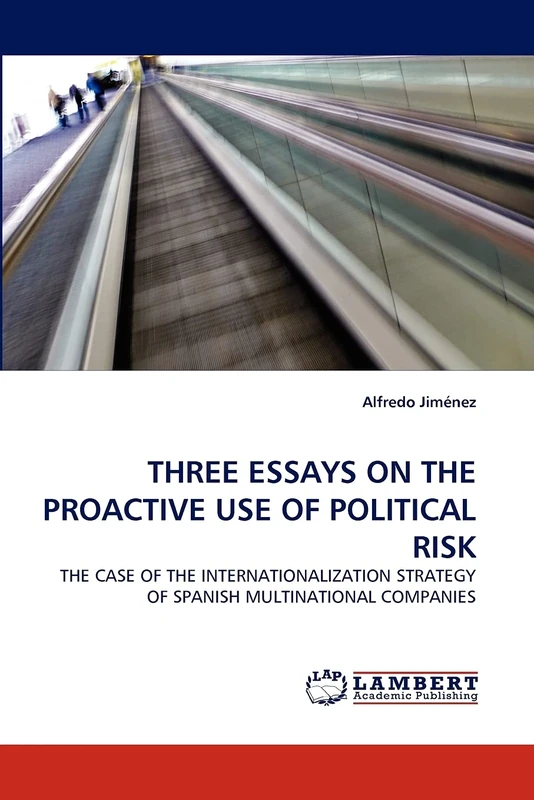 THREE ESSAYS ON THE PROACTIVE USE OF POLITICAL RISK: THE CASE OF THE INTERNATIONALIZATION STRATEGY OF SPANISH MULTINATIONAL COMPANIES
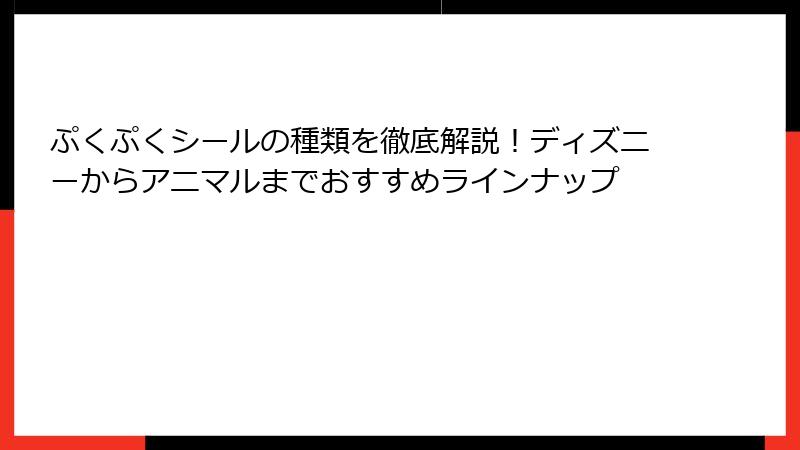 ぷくぷくシールの種類を徹底解説!ディズニーからアニマルまでおすすめラインナップ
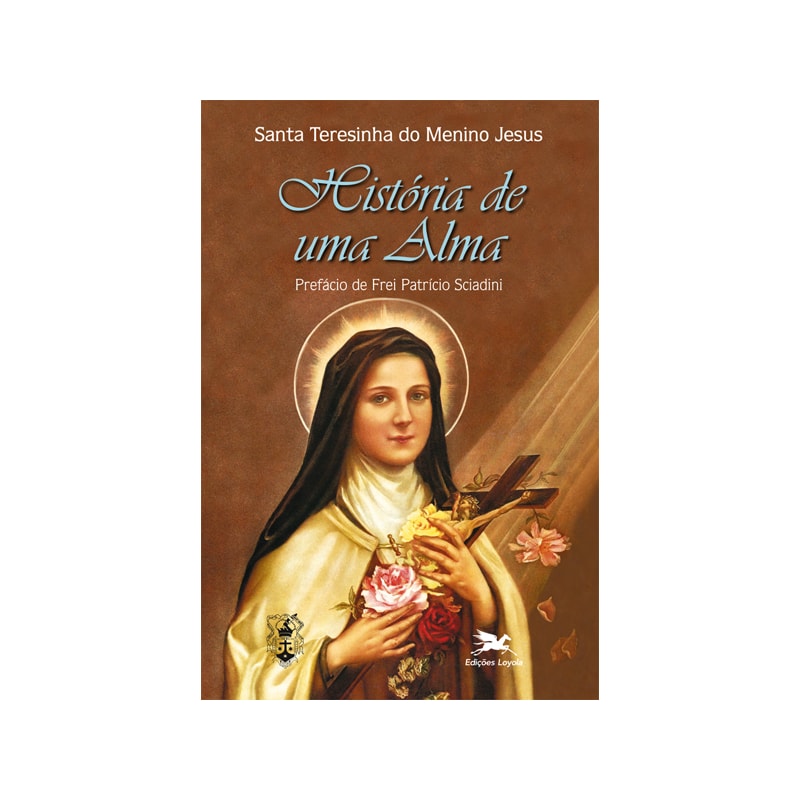 HISTÓRIA DE UMA ALMA: MANUSCRITOS AUTOBIOGRÁFICOS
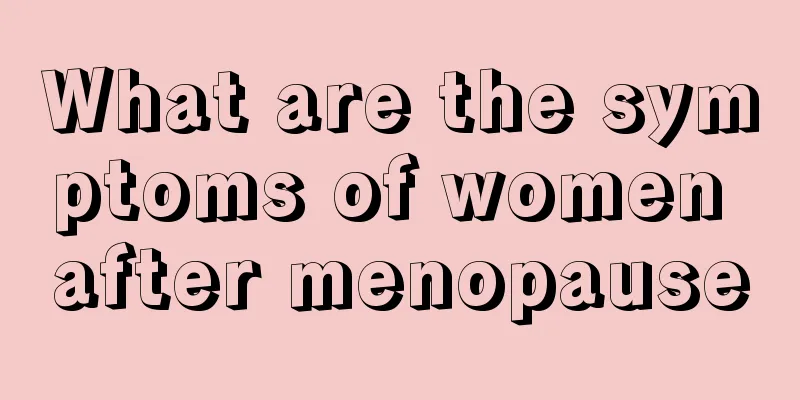 What are the symptoms of women after menopause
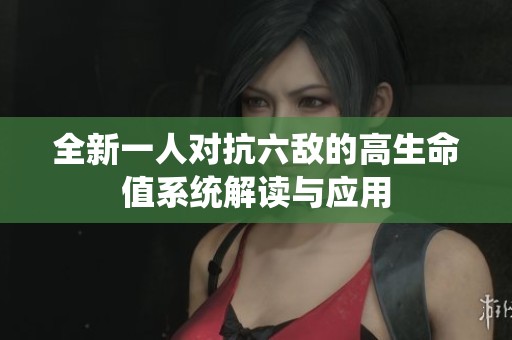 全新一人对抗六敌的高生命值系统解读与应用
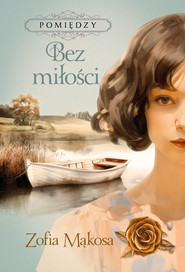 Bez miłości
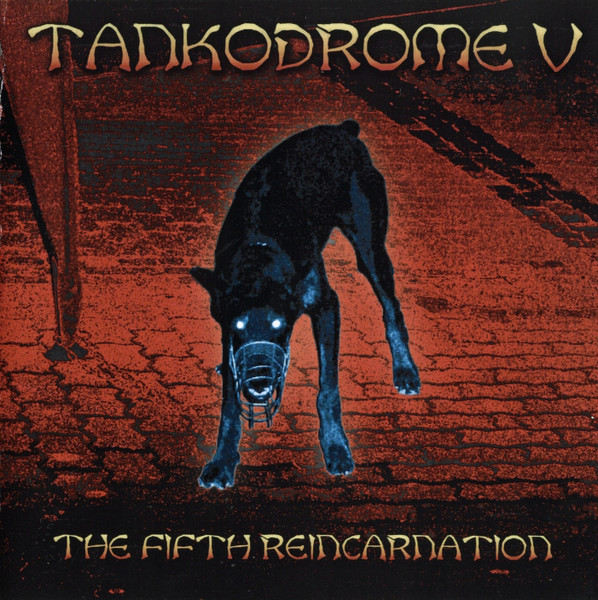 Tankodrome V - The Fifth Reincarnation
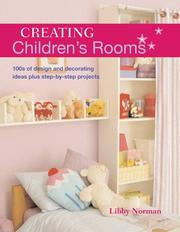 Cover of: Creating Children's Rooms: 100s of Design and Decorating Ideas Plus Step-by-Step Projects
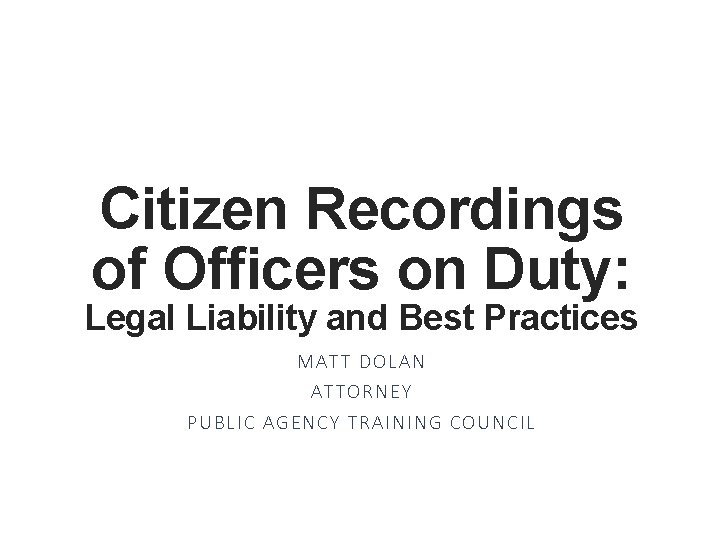 Citizen Recordings of Officers on Duty: Legal Liability and Best Practices MAT T DO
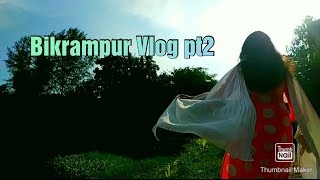 Bikrampur Vlog pt2 || Our Village Vlog || SAIMA \u0026 SAMIA's Vlogs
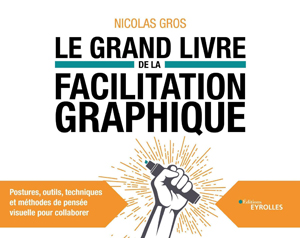 Le grand livre de la facilitation graphique | Gros, Nicolas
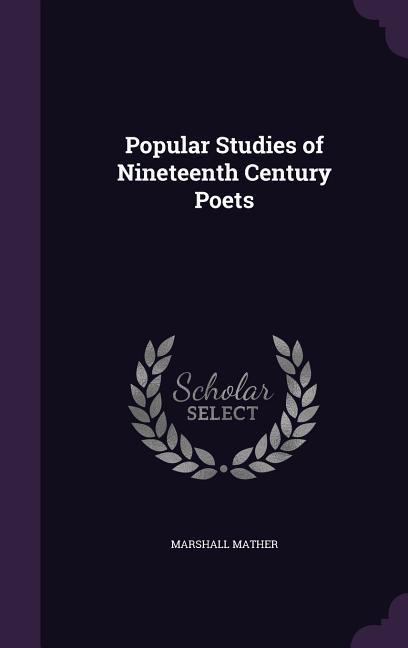 Vorderes Coverbild Popular Studies of Nineteenth Century Poets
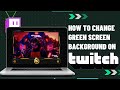 How to Change Green Screen Background on Twitch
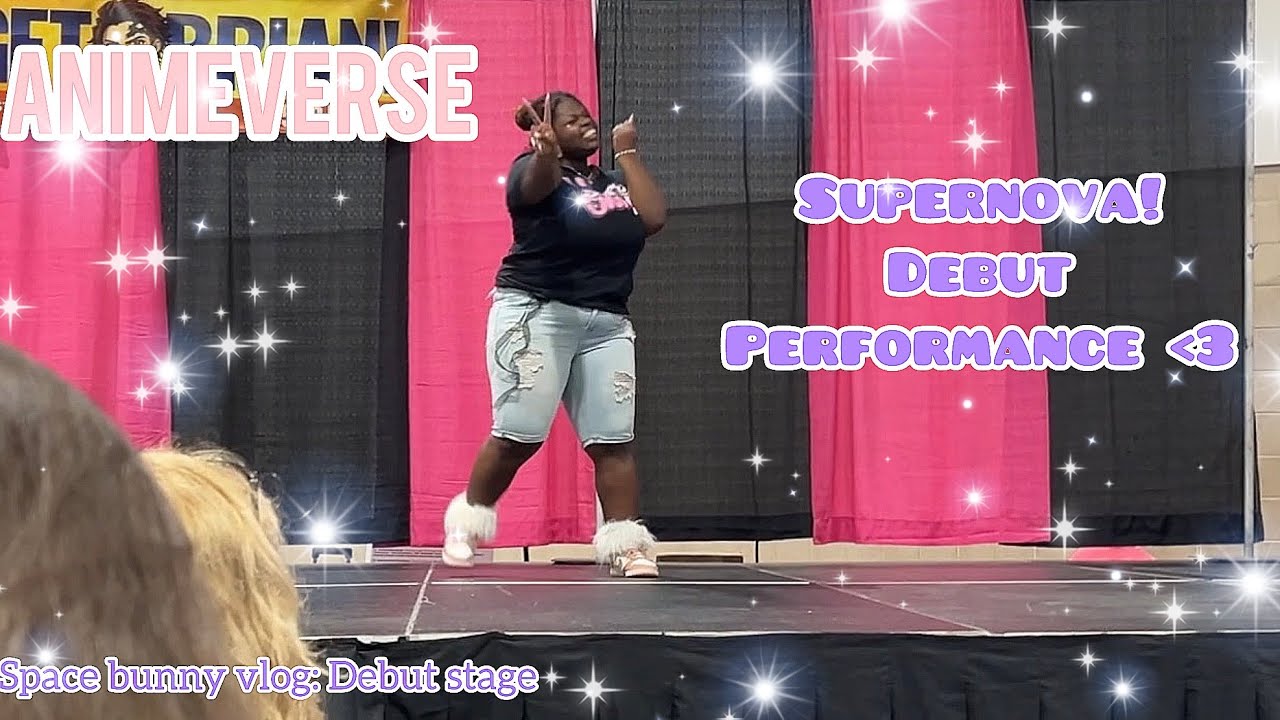 ꧁SuperNova!꧂ Animeverse Debut Performance!!!
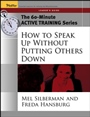 The 60–Minute Active Training Series: How to Speak Up Without Putting Others Down, Leaders Guide - ISBN 9780787973551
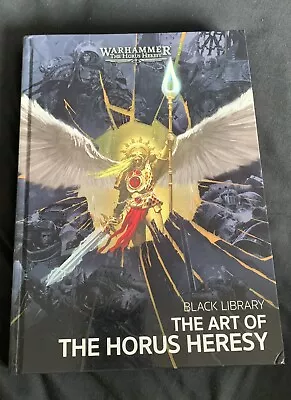 Games Workshop Black Library: The Art Of The Horus Heresy Hardback Book New • £35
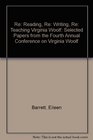 Re Reading Re Writing Re Teaching Virginia Woolf  Selected Papers from the Fourth Annual Conference on Virginia Woolf  Bard College Annandale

[What is being asked] With the pictures excluded, the records are to be reproduced exactly.

[Response to the task]
 THREE ESSAYS ON THE PROACTIVE USE OF POLITICAL RISK: THE CASE OF THE INTERNATIONALIZATION STRATEGY OF SPANISH MULTINATIONAL COMPANIES
 ぷくぷくシールの種類を徹底解説!ディズニーからアニマルまでおすすめラインナップ
 HISTÓRIA DE UMA ALMA: MANUSCRITOS AUTOBIOGRÁFICOS
 What are the symptoms of women after menopause
 全新一人对抗六敌的高生命值系统解读与应用
 Bez miłości
 Tankodrome V - The Fifth Reincarnation
 Cover of: Creating Children's Rooms: 100s of Design and Decorating Ideas Plus Step-by-Step Projects
 Citizen Recordings of Officers on Duty: Legal Liability and Best Practices MAT T DO
 Bikrampur Vlog pt2 || Our Village Vlog || SAIMA \u0026 SAMIA's Vlogs
 Le grand livre de la facilitation graphique | Gros, Nicolas
 Vorderes Coverbild Popular Studies of Nineteenth Century Poets
 How to Change Green Screen Background on Twitch
 ꧁SuperNova!꧂ Animeverse Debut Performance!!!
 The 60–Minute Active Training Series: How to Speak Up Without Putting Others Down, Leaders Guide - ISBN 9780787973551
 Games Workshop Black Library: The Art Of The Horus Heresy Hardback Book New • £35
 Re Reading Re Writing Re Teaching Virginia Woolf  Selected Papers from the Fourth Annual Conference on Virginia Woolf  Bard College Annandale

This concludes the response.